[Data to examine]:
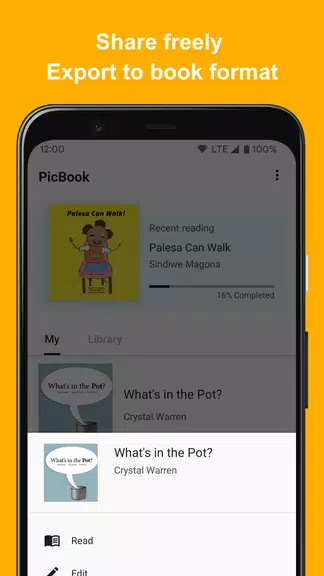 PicBook: Picture Book Maker应用截图第4张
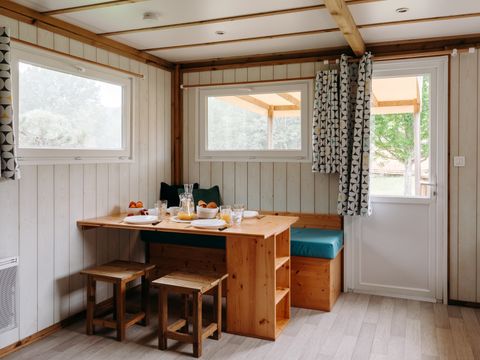 CHALET 4 personnes - Cabane Périgourdine 2 chambres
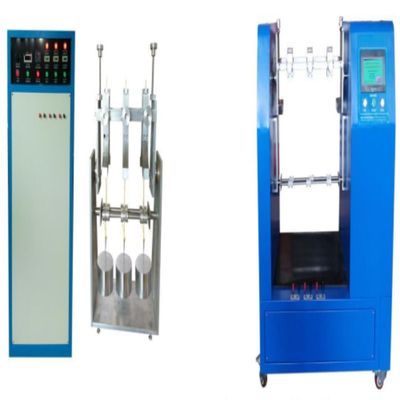 ISO 14572 Automobile Wire Cyclic Bending Testing Machine Automotive Wire Reciprocating Bend Tester Textile Testing Machi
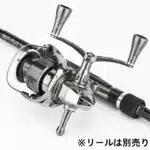 CY-A20P　スペースグレーカラー　超々ジュラルミン製ハンドル　アップデートアルミ製ノブ付き　82  98mm - 画像 (2)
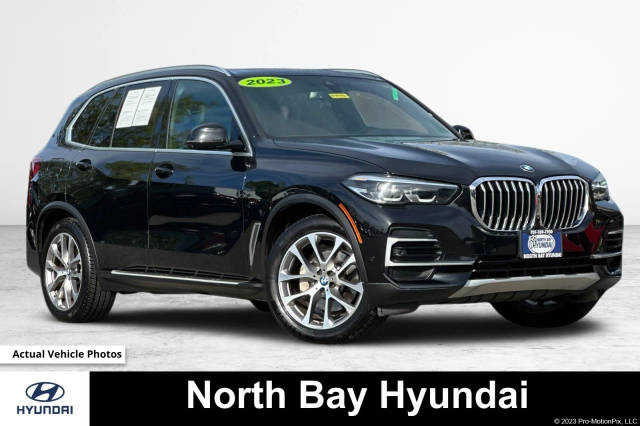 2023 BMW X5 xDrive40i AWD photo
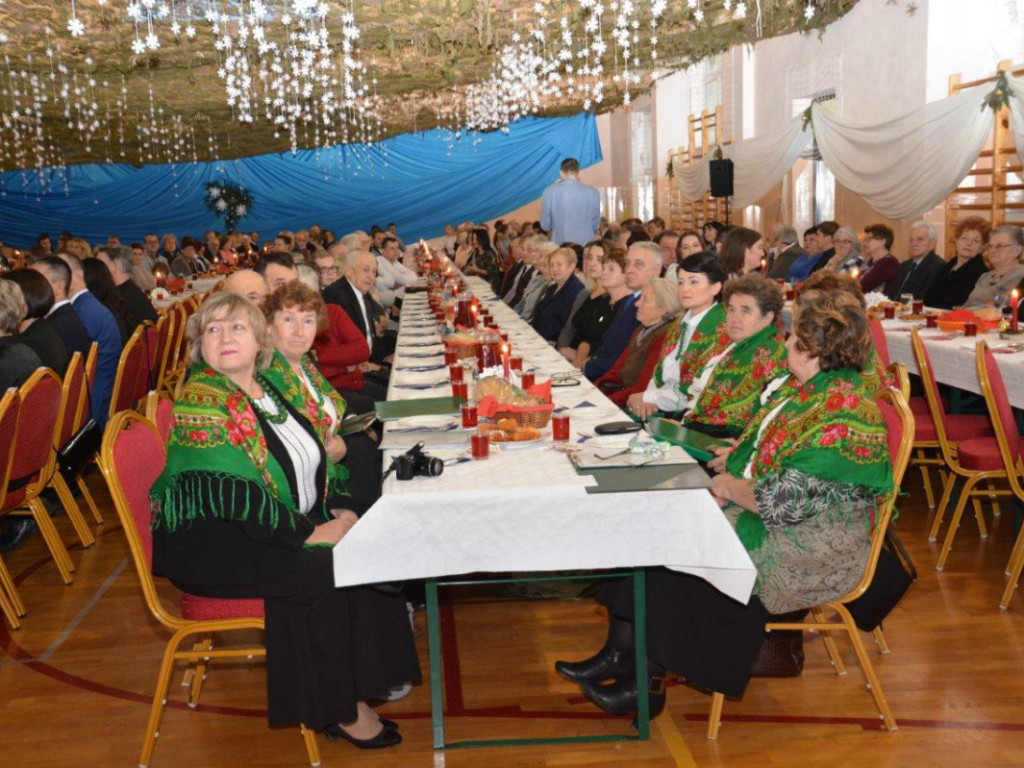 Wigilia Gminna 2017 w Żabikowie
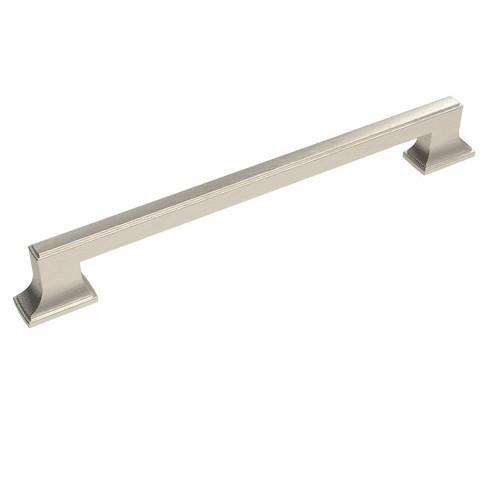 Belwith B078830-SN Brownstone Appliance Pull, 12" C/C Satin Nickel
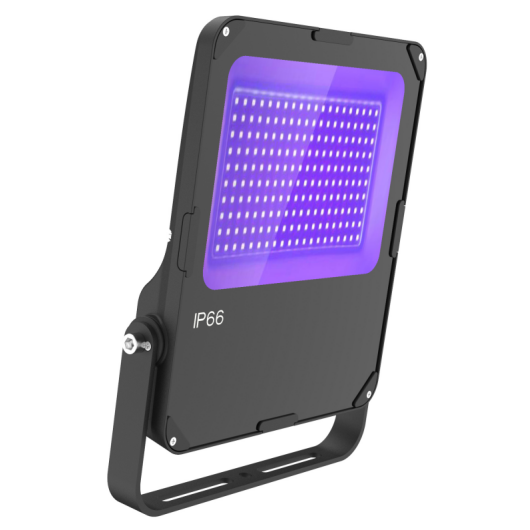 Hot Selling IP66 AC100-277V 100W UV Light for Mini Golf Adventure Park Indoor Playground 395nm UV Ultraviolet Blacklight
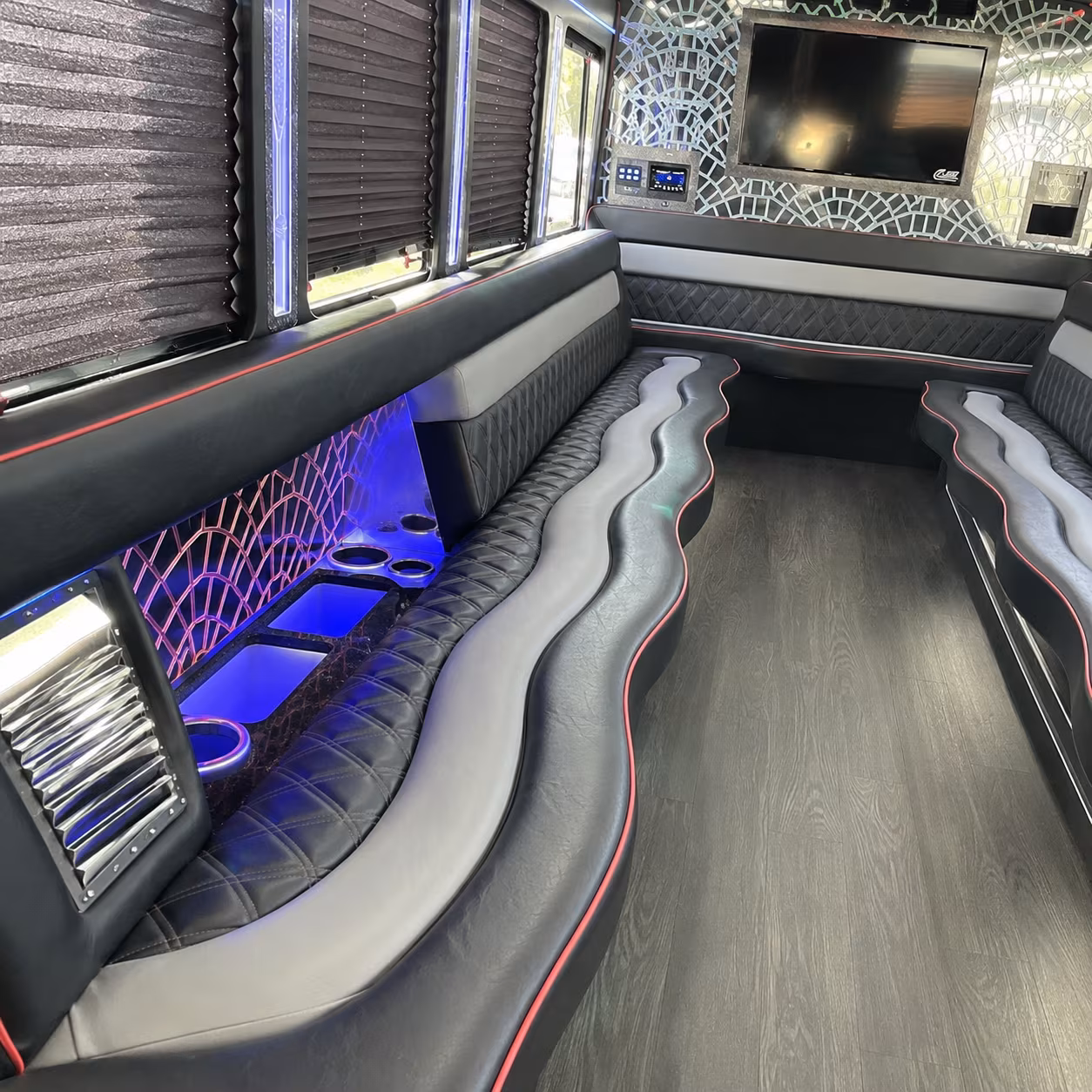 get your prom party bus booked before cabarrus county season fills up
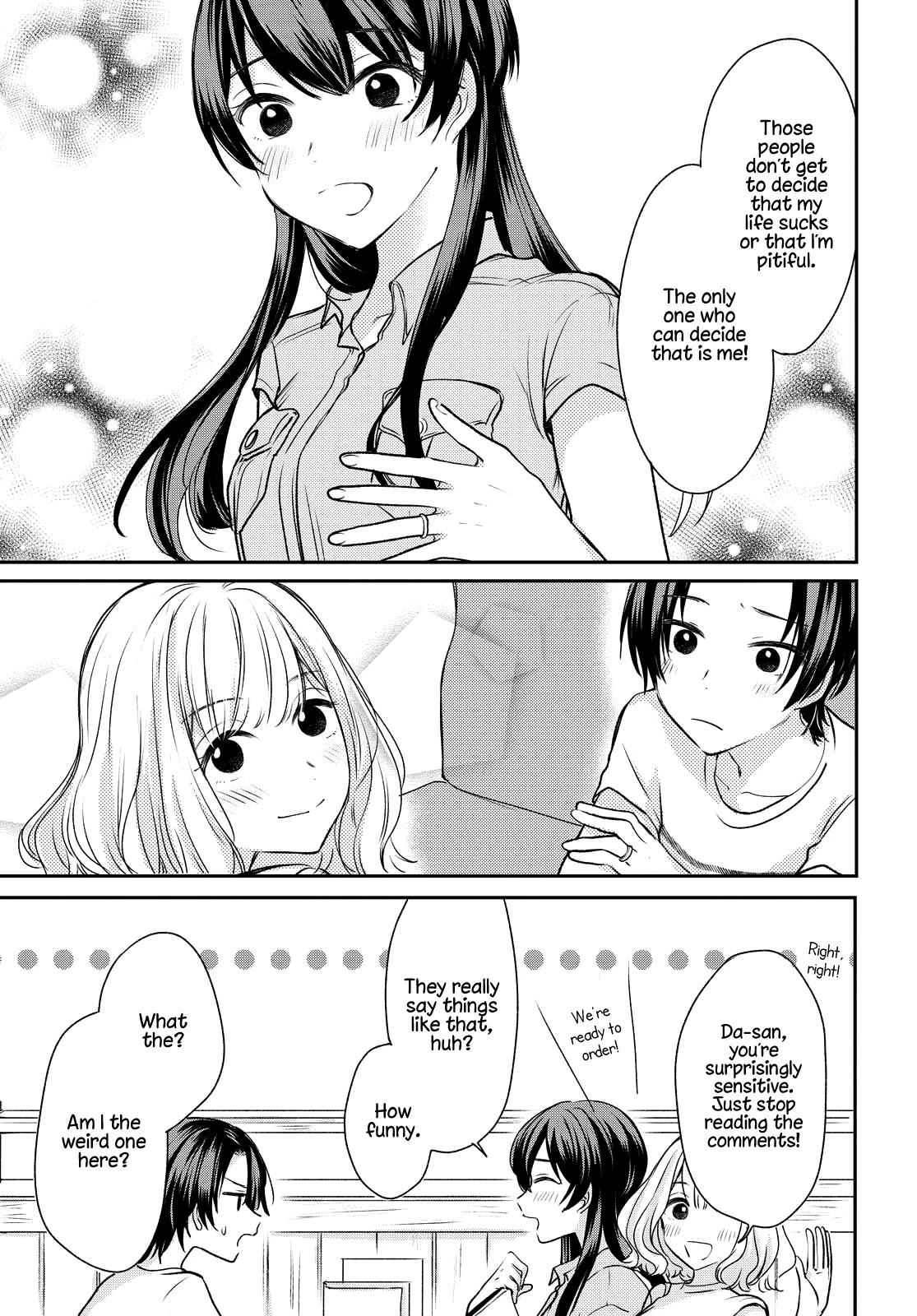 Onna Tomodachi to Kekkon Shitemita Chapter 4 page 9 - Chapter 4: What is true happiness?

[Exercise directions]:
Take the lines from the one containing "CHALET 4 personnes" through the last line of the listing and repeat them exactly. Omit the pictures.

[Task response]:
 CHALET 4 personnes - Cabane Périgourdine 2 chambres
 ISO 14572 Automobile Wire Cyclic Bending Testing Machine Automotive Wire Reciprocating Bend Tester Textile Testing Machi
 CY-A20P　スペースグレーカラー　超々ジュラルミン製ハンドル　アップデートアルミ製ノブ付き　82  98mm - 画像 (2)
 2023 BMW X5 xDrive40i AWD photo
 Wigilia Gminna 2017 w Żabikowie
 Belwith B078830-SN Brownstone Appliance Pull, 12" C/C Satin Nickel
 Hot Selling IP66 AC100-277V 100W UV Light for Mini Golf Adventure Park Indoor Playground 395nm UV Ultraviolet Blacklight
 get your prom party bus booked before cabarrus county season fills up
 Onna Tomodachi to Kekkon Shitemita Chapter 4 page 9 - Chapter 4: What is true happiness?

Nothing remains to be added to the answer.